Il suffragio universale costituì un decisivo mutamento poiché consentì alle masse operaie
socialiste e alle masse contadine cattoliche di partecipare alla vita politica del paese;
mentre fra i socialisti prevalsero i massimalisti, i cattolici appoggiarono i liberali più
conservatori che si erano impegnati a sostenere, una volta eletti, le richieste della Chiesa:
l'opposizione al divorzio, la tutela dell'istruzione privata ed il riconoscimento delle organizzazioni
sindacali cattoliche.
La fine dell'era giolittiana
Giolitti vinse ampiamente le elezioni del 1913 che seguirono la riforma elettorale, ma si trovò a
capo di una maggioranza molto eterogenea e divisa, poco disposta ad approvare il suo programma
di riforme sociali.
Nel maggio 1914 egli decise di allontanarsi dal governo ed affidò ad Antonio Salandra, un
esponente della destra liberale, il superamento della difficile congiuntura economica e sociale;
come già aveva fatto in passato, pensava di ripresentarsi sulla scena politica dopo il superamento
della crisi.
In realtà le tensioni sociali esplosero molto presto in una serie di proteste popolari che nelle
Marche ed in Romagna si trasformarono in insurrezioni rivoluzionarie durante le
quali i manifestanti assaltarono alcuni edifici pubblici, compirono atti di sabotaggio a danno delle
linee telegrafiche e ferroviarie, catturarono alcuni ufficiali dell'esercito che il governo aveva fatto
intervenire per reprimere con durezza le manifestazioni della cosiddetta settimana rossa.

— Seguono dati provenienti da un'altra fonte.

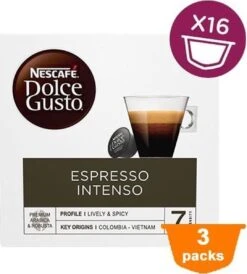 Nescafé Dolce Gusto Espresso Intenso Cups - 3 X 16 Stuks -Bekend Koffie Winkel 1082x1200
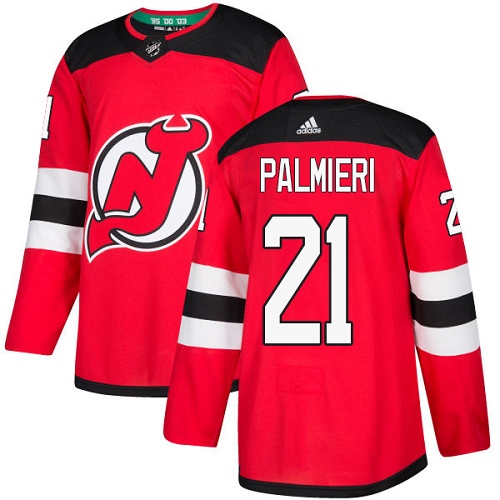 Adidas Men New Jersey Devils 21 Kyle Palmieri Red Home Authentic Stitched NHL Jersey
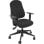 Silla de oficina UNISIT Simple SY polipropileno negro respaldo y asiento acolchados, ruedas y altura regulable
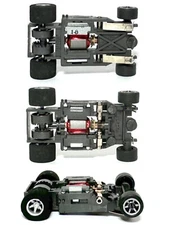 Rare NARROW 1983 Aurora AFX G+PLUS SPEED SHIFTER Slot Car CHASSIS Formula 1 Indy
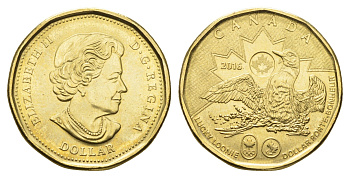 Канада 1 доллар 2016 XXXI летние Олимпийские Игры, Рио-Де-Жанейро 2016 KM 2089 никель плакированная бронзой UNC 4678-1235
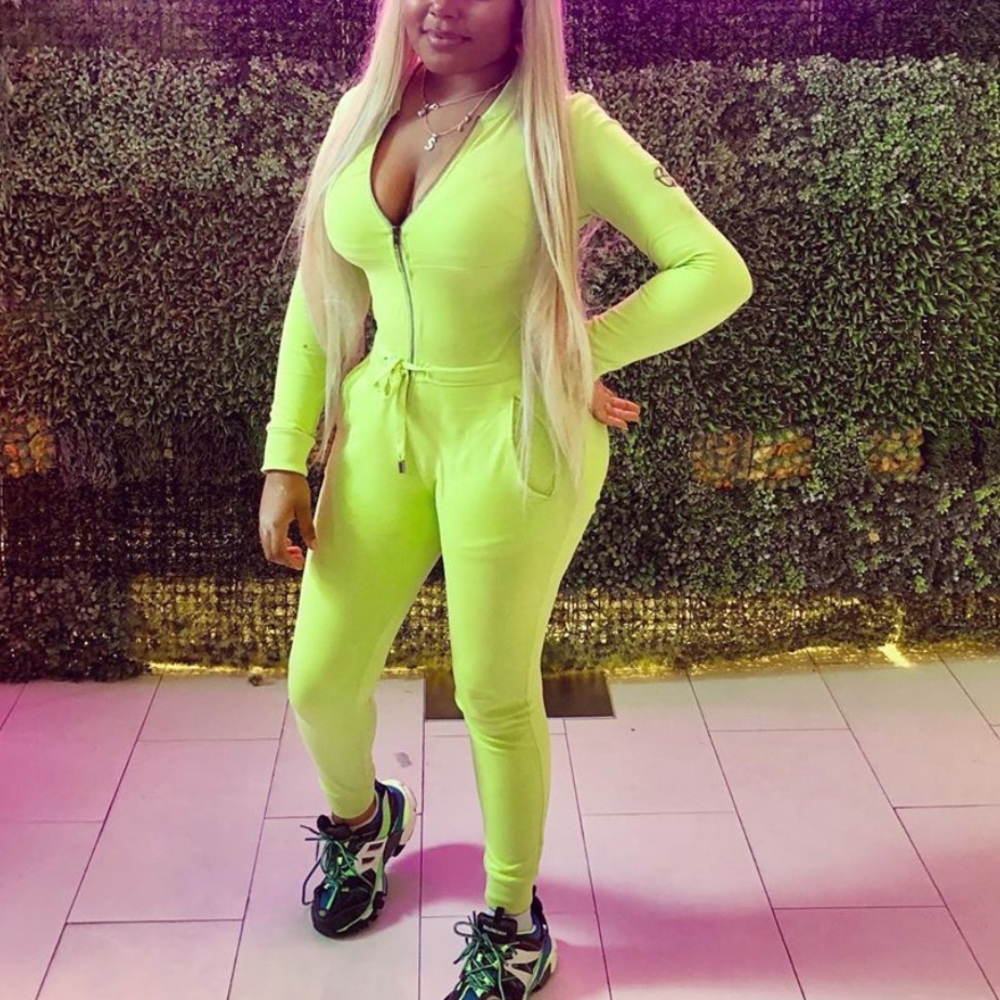 Lovello Elizabeth jumpsuit in Neon Green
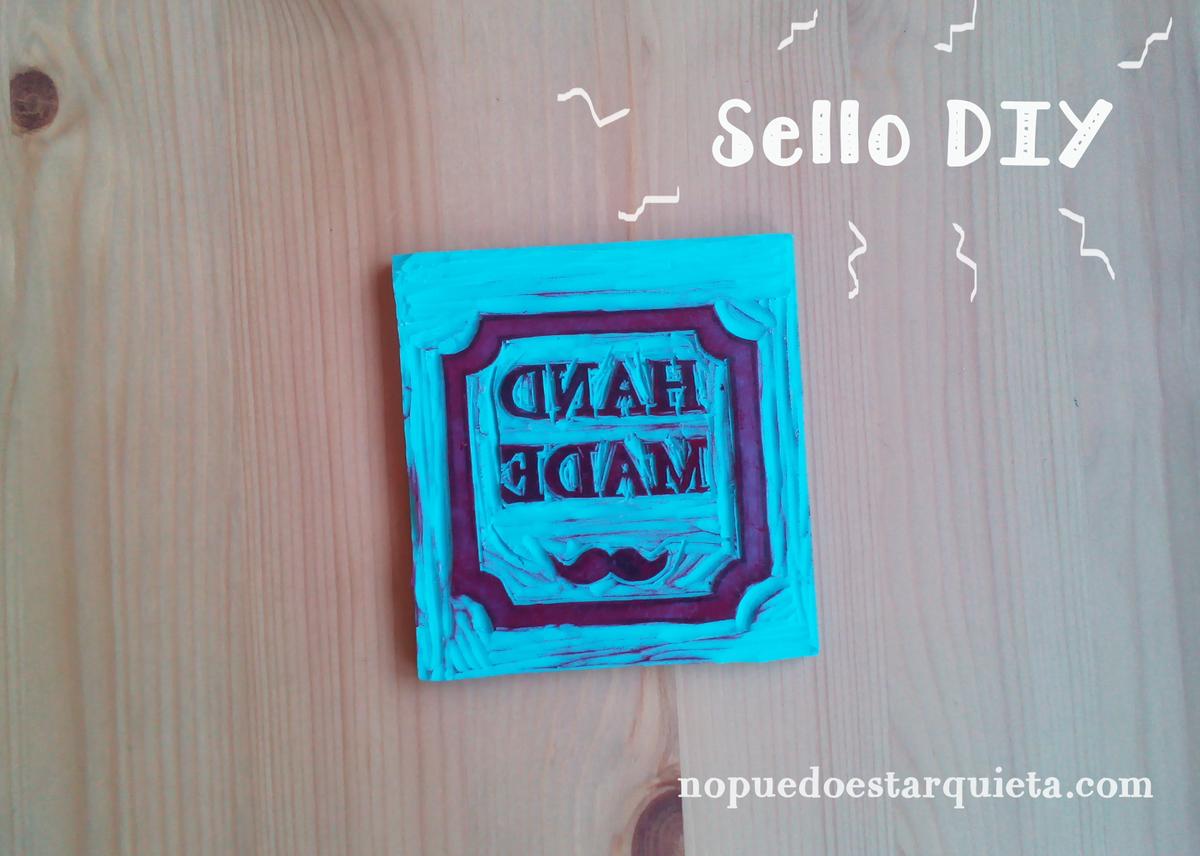 Carvado de sellos. Sello handmade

Nel giugno dello stesso anno, in un clima di forti tensioni sociali, giunse in Italia la notizia dello
scoppio del conflitto mondiale che distolse l'opinione pubblica dai problemi interni e
determinò nuovi schieramenti fra le forze politiche.
L'età giolittiana si era definitivamente conclusa, travolta dalla guerra mondiale.